Então eu parei aqui para refletir porque essa semana foi muito difícil. Eu acabei chorando no final de uma sessão da JICTAC, que terminou com vários desabafos e manifestos contra isso tudo que está aí. No início, há um ano mais ou menos, eu achava que a gente poderia achar viável um ensino híbrido (meio presencial meio remoto; meia calabresa meia marguerita), mas não, não dá não, minha gente. Fora toda a desesperança que a gente sente (bem, eu, pelo menos), quando a gente acompanha as notícias, tem o esgotamento mental, o cansaço físico, a apatia, a letargia, tudo isso agindo contra a minha quarentena produtiva; tudo isso impedindo que o meu trabalho seja bom. E a culpa? De quem é a culpa? De uma pandemia deliberadamente mal gerida que poderia estar no final? Dos alunos que não entenderam que cada um está sozinho naquela turma do Classroom? De mim? Que tenho recursos: água, luz, internet, equipamento, casa, comida e roupa lavada? Que sou privilegiada? Que tenho que entender tudo racionalmente e fazer o meu melhor e não deixar a produtividade cair? Que tenho que entender que tem gente em situação pior que a minha e é até egoísmo da minha parte achar que tenho problema?
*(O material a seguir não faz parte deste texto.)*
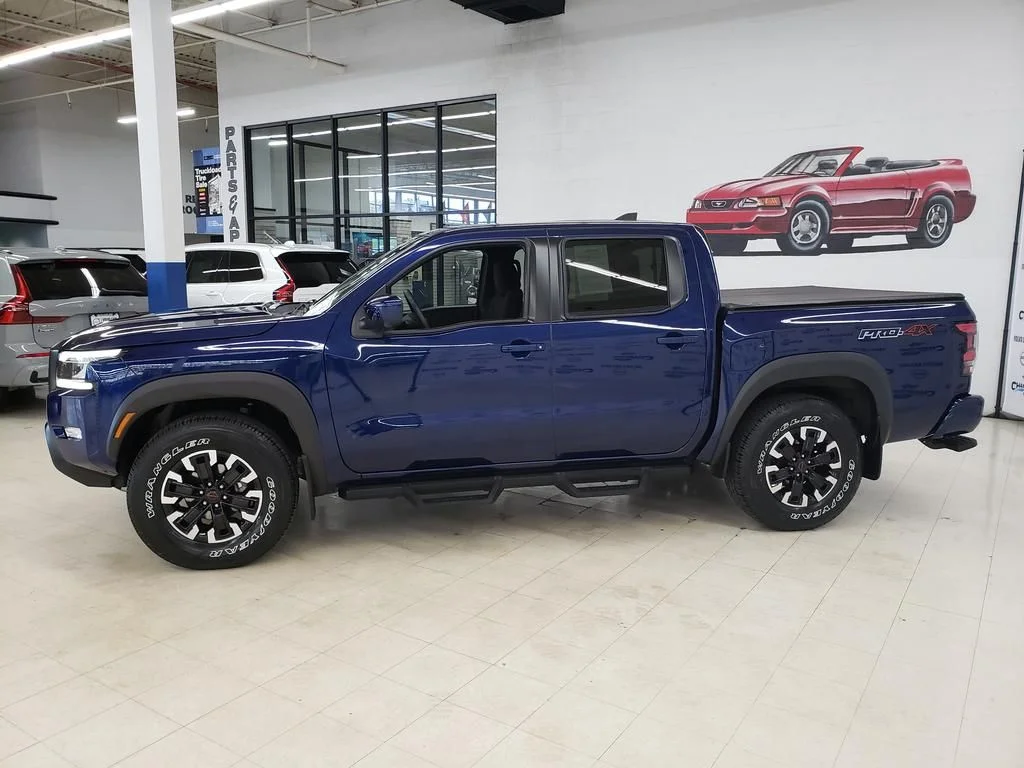 Used 2022 Deep Blue Pearl Nissan PRO-4X image 4
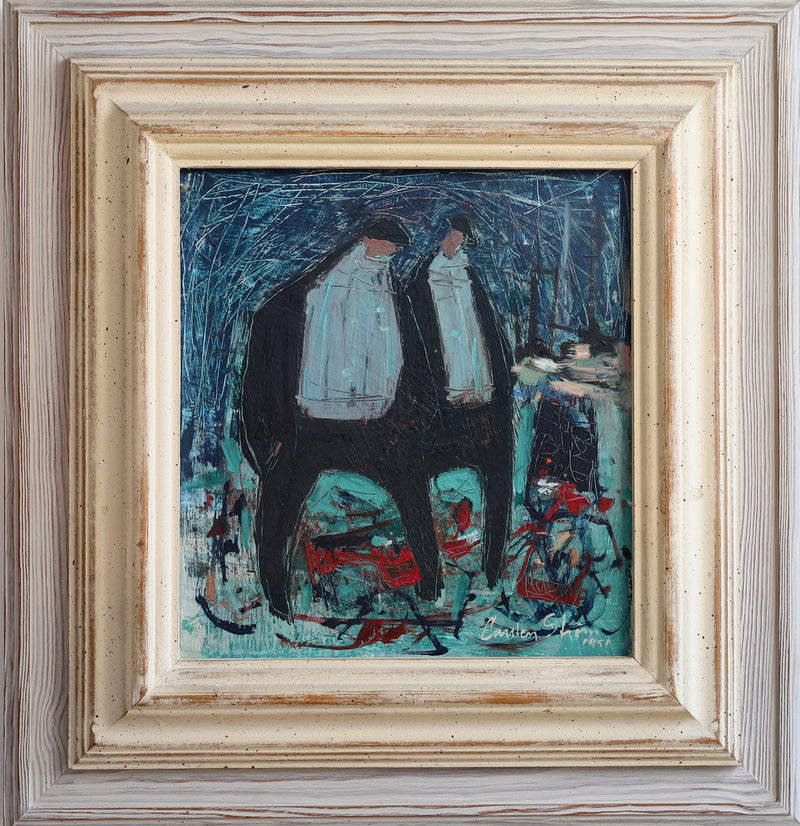 Vintage Art Room Original Oil Painting From Sweden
Não sei. Só sei que a tecnologia que eu quero é poder tirar uma foto de Marte do meu iPhone, sentada na minha varanda. Mas tenho que respirar fundo e aguentar mais o tempo que for pra poder voltar a ter uma vida normal. Não o novo normal, com ensino híbrido e máquinas acompanhando o rendimento dos alunos, mas o normal normal: quadro de giz, turma lotada, corredores cheios de pessoas passando de um lado para outro entre uma aula e outra. Ah, sim, e a tecnologia, Eduroam no meu prédio pra eu poder acessar um vídeo bacana sobre qualquer assunto e poder debater esse vídeo com os alunos presentes. Era isso. 

Desabafei. Vou tomar uma cerveja porque ninguém é de ferro. E haja assunto pra meu terapeuta esta semana...



Comentários

  1. Muito boa reflexão!!!! Quanto mais a gente tem informação sobre o que tem acontecido nesse Brasil de 3000 mortes por dia, menos a gente tem a mente focada p realizar as tarefas, não surtar é um desafio diário!!! Amei o texto.